The forward EV/EBITDA is also attractive, while the forward price-to-cash flow ratio is at a staggering discount to the five-year average. Philippe Laffont won’t be the first investor to notice this. If NFLX stock’s downtrend continues, this ratio is going to become even more enticing. Considering how instrumental cash flows are to any business, it's hard to see Netflix stock depreciating much further. 

One warning sign for investors, however, could be the mounting debt. The company currently has total debt of $16.98 billion, which is hardly anything to worry about considering the company’s size and cash pile of $9.06 billion. However, Netflix's recent bid to acquire Warner Bros could change this equation significantly, not to mention the antitrust scrutiny coming along with the deal. Netflix has a lot on its plate right now, which is why investors have been fleeing NFLX stock lately. The risk-reward currently on offer might come down to individual risk appetite at the end of the day. For Laffont, the reward is clearly worth the risk at the current price. 

Netflix Narrowly Beats Earnings Expectations

Netflix announced its fourth-quarter 2025 earnings on Jan. 20, narrowly beating consensus estimates. EPS came in at $0.56 versus the estimated $0.55, while revenue was $12.05 billion, just above expectations of $11.9 billion. The company reported $2.42 billion in net profits during the quarter, quite an improvement on the $1.87 billion in the same quarter last year.

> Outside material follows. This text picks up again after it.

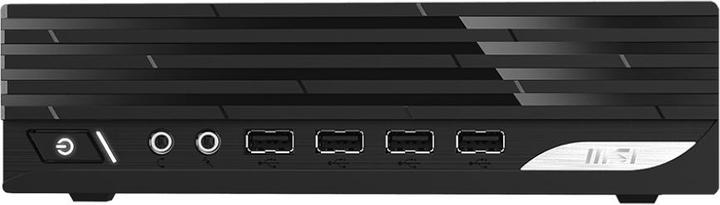 MSI PC I3 8GB 512GB SSD FREEDOS MFF I3-13100 H610 65W BT WIFI 120W (Intel Core i3-13100, 8 Go, 512 Go, UHD Graphics 730)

Going forward, management is focused on improving the quality and variety of its content, which is a reasonable approach considering it is the core business of the company. As far as AI is concerned, Netflix is utilizing it at a faster pace than many may realize. When an average person thinks of AI in Netflix’s context, they think of AI-generated movies. But that’s not what AI is about. Netflix is improving user experience as well as ad targeting using artificial intelligence. This directly helps the company’s topline. On top of that, the firm is using the technology for pre-visualization, ideation, planning, and support in other processes involved in movie-making. While this doesn’t bring in direct revenue, it lowers the cost of making content, which is a big win for a niche that is very capital-intensive.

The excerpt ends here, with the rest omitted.